Computer & Communication Industry Association
PublishedNovember 26, 2002

CCIA Hails Pavlovich Decision

Decision Rejects Expansion of Jurisdiction on the Internet

Washington, DC – The Computer & Communications Industry Association (CCIA) today commended the California Supreme Court’s decision yesterday to deny jurisdiction in Pavlovich v. Superior Court (DVD CCA). The court determined that jurisdiction in California may not be based on the mere act of posting information on a website accessible in the state. This ruling prevents a dangerous precedent that would have harmed all website operators.

Matthew Pavlovich helped maintain a website where DeCSS, a program that is alleged to violate the Digital Millennium Copyright Act (DMCA), was posted. At issue was whether state courts in California could exercise jurisdiction over Mr. Pavlovich without a showing of more significant contacts with the state. Mr. Pavlovich was a student in Indiana at the time the suit arose and currently is a resident of Texas.

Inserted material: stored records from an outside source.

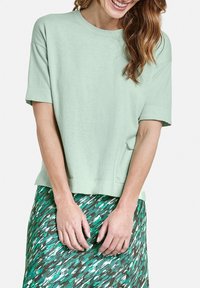 T-shirt verde chiaro a maniche corte con scollatura rotonda; tessuto morbido e testurizzato. Abbinato a una gonna multicolore e a fantasia in tonalità di verde e marrone.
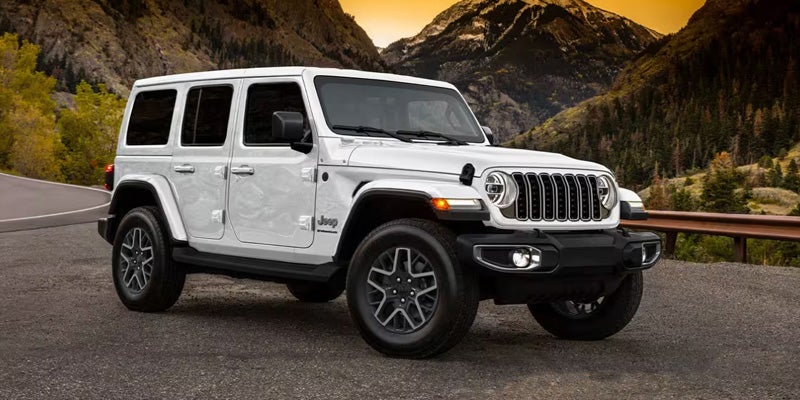 White Jeep Wrangler Unlimited parked on a mountain road with trees and mountains in the background.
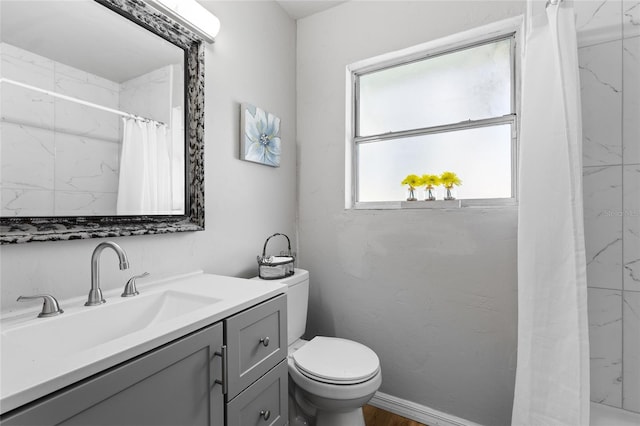 bathroom with curtained shower, toilet, and vanity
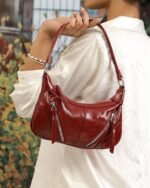 Rouge Textured Baguette Bag in Red, view 1
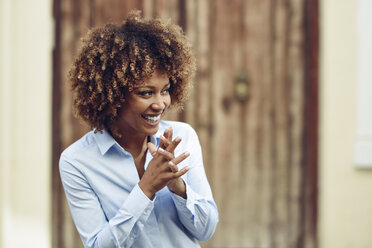 Laughing woman with afro hairstyle outdoors looking sideways - JSMF00034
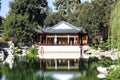 A white and brown Chinese pavilion in the garden with people walking through the pavilion near a deep green lake with lush green t Royalty Free Stock Photo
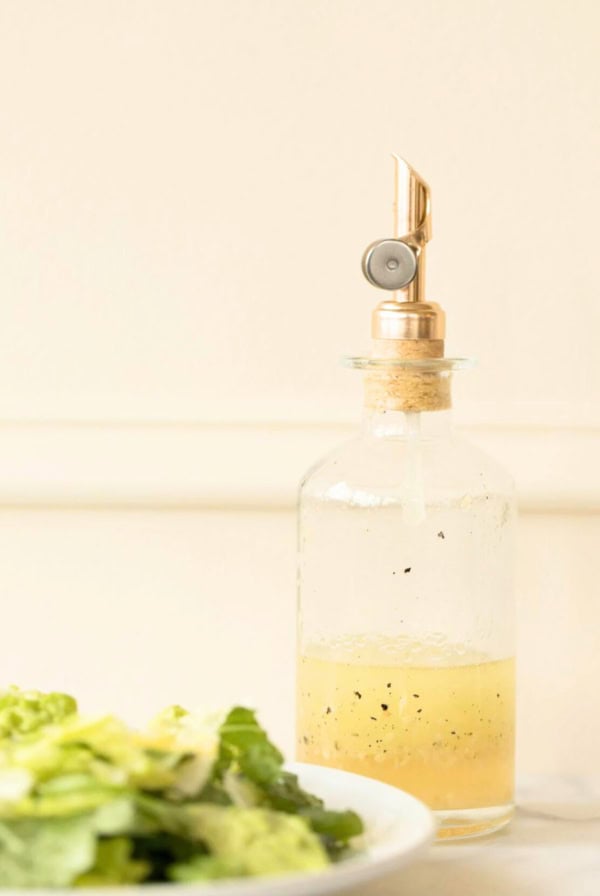 A glass bottle with a metallic spout contains a white wine vinaigrette. A bowl of fresh lettuce salad is seen in the foreground on the left side.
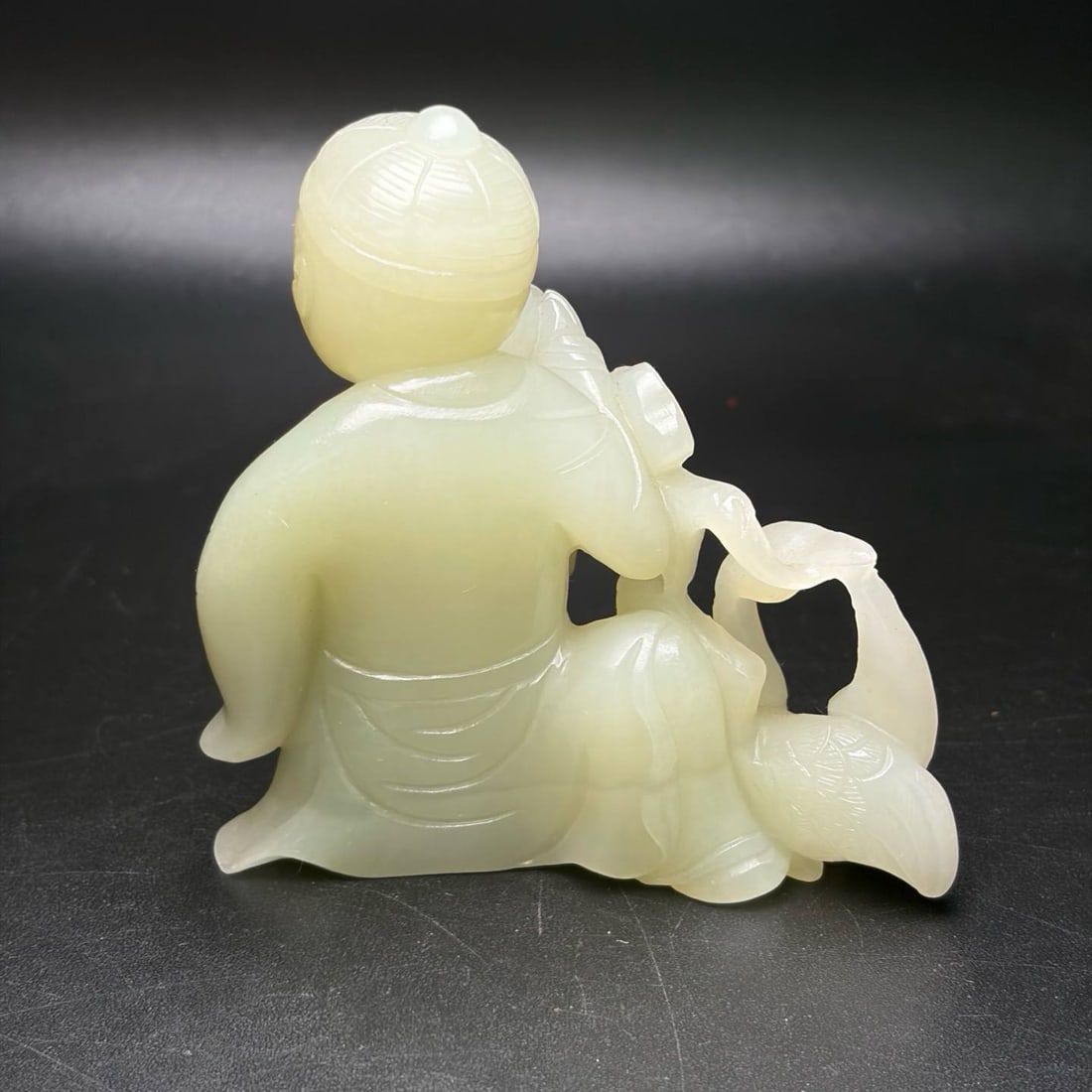 Hetian jade carving, "Xi Zhi Loves Geese: Hetian jade carving, "Xi Zhi Loves Geese," depicts a child holding a ruyi (a traditional Chinese scepter symbolizing good fortune) and accompanied by geese. The overall design conveys auspiciousness, 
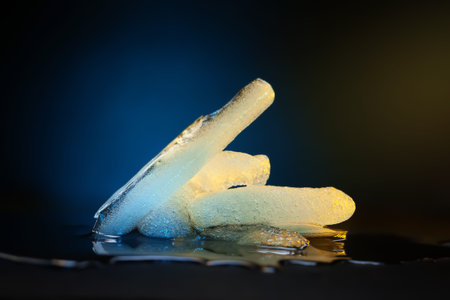 Ice melting. Melting ice chunks on dark. Colored blue yellow backlight. Selective soft focus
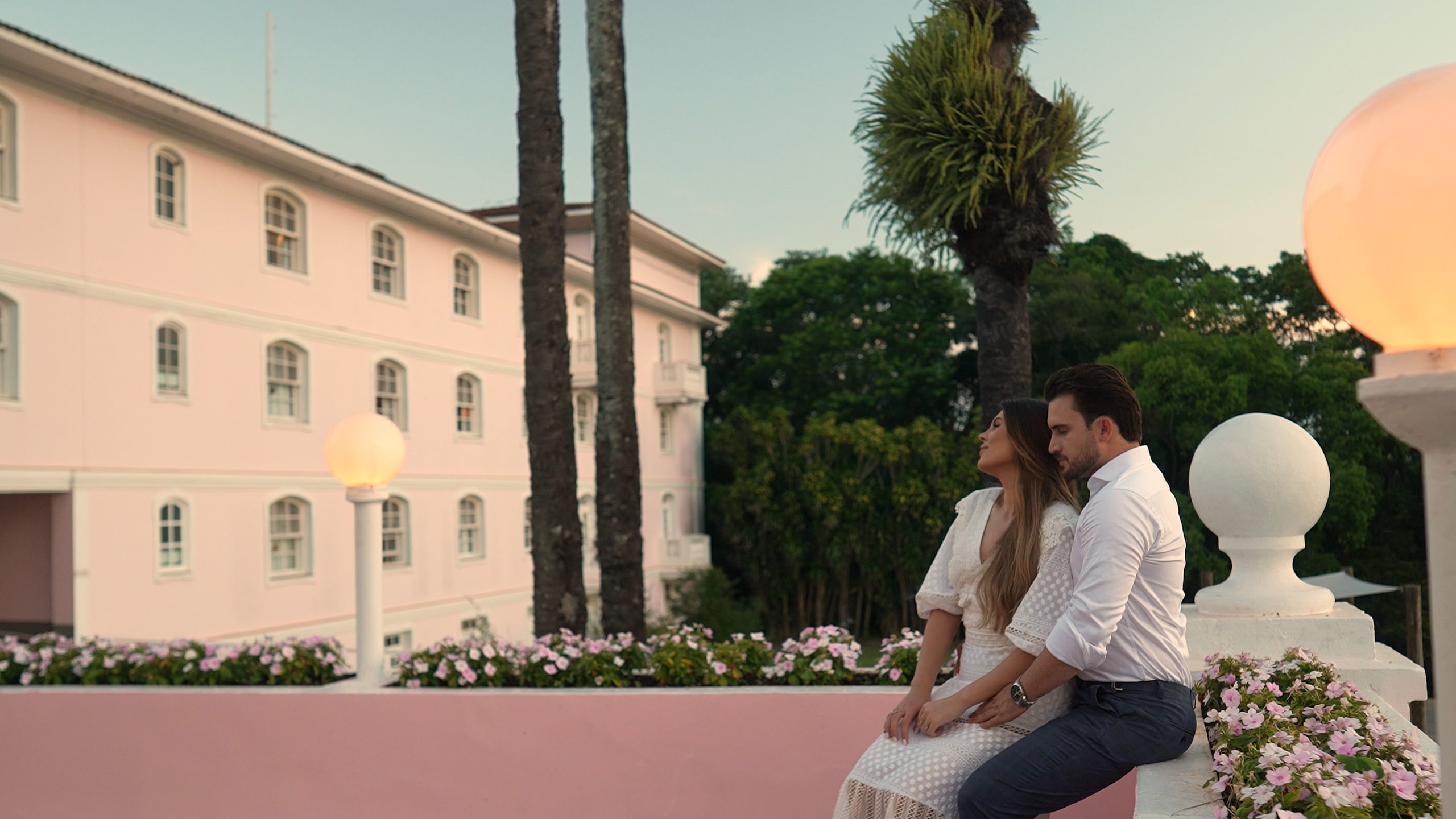 La pareja sentada en una balaustrada con la fachada rosa del hotel Belmond detrás, entre palmeras y flores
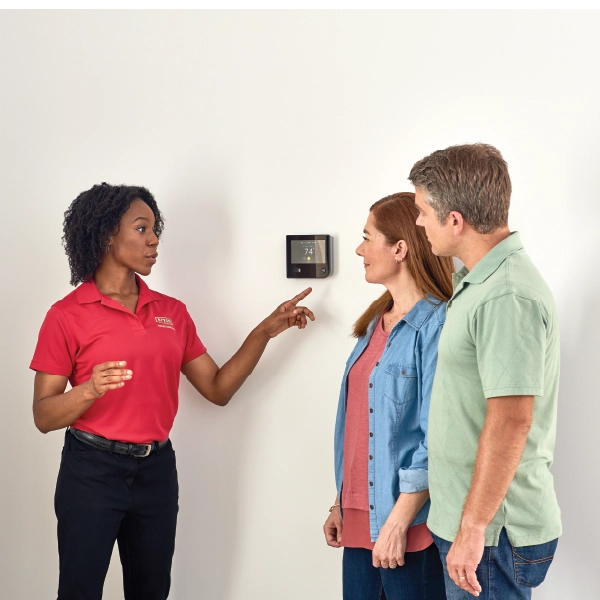 tech talking to client about Thermostat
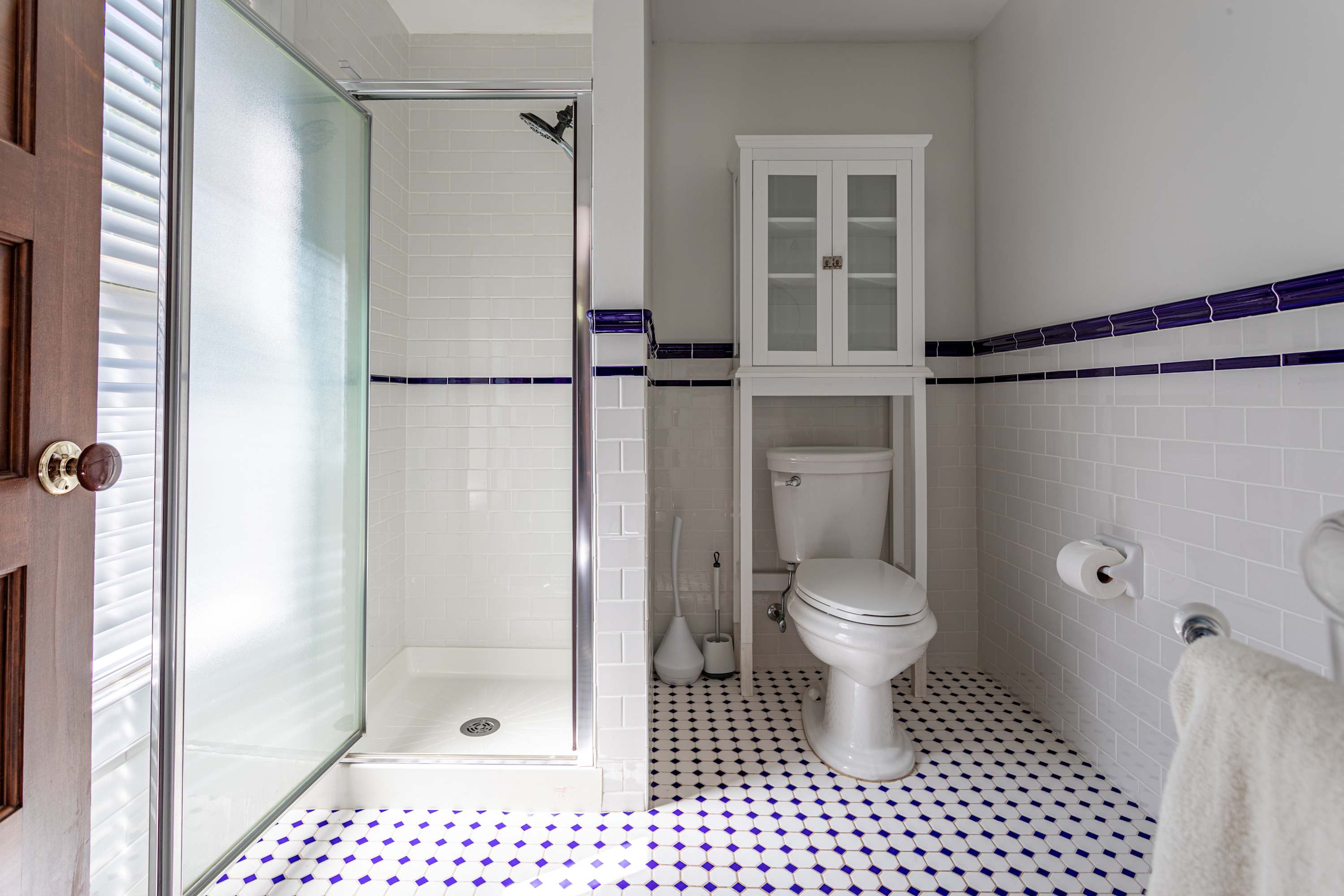 Modern bathroom with white subway tiles, a glass-enclosed shower, toilet, and a white cabinet above the toilet, all set against a blue and white patterned floor.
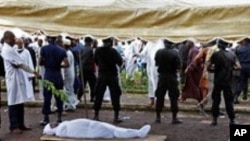Bodies of people killed during a rally are seen at the capital's main mosque in Conakry, Guinea (File Photo - 02 Oct 2009)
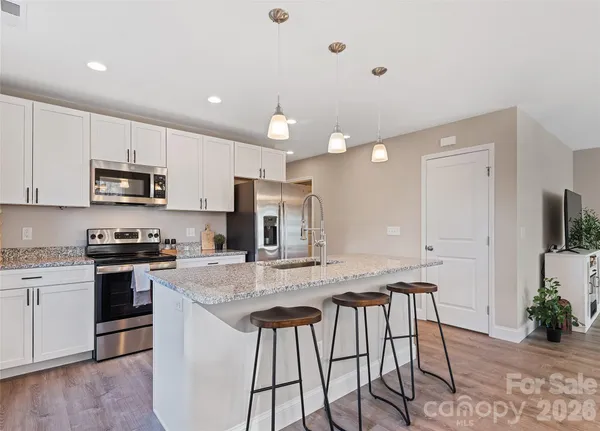 a kitchen with stainless steel appliances granite countertop a stove a sink a microwave a center island and furniture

Ed Black, President and CEO of CCIA said: “Our nation’s legal precedents are clear: one must ‘purposefully avail’ himself of the benefits of a particular forum to be subject to the jurisdiction of that forum. Mr. Pavlovich’s only contacts to the State of California were that he, like millions of people, helped maintain a website that could be viewed there. He neither lived nor did business in California and had no real contact with California. Clearly, he did not ‘purposefully avail’ himself of the benefits of California law, the standard required by the United States Supreme Court. To subject Mr. Pavlovich to personal jurisdiction in California would have set a disastrous precedent. If followed in other states, any website operator would be subject to the laws and courts of any jurisdiction in the United States that has Internet access — jurisdiction anywhere and everywhere.”

CCIA filed an amicus brief in this case, which can be found here. The brief did not take a position on the underlying dispute.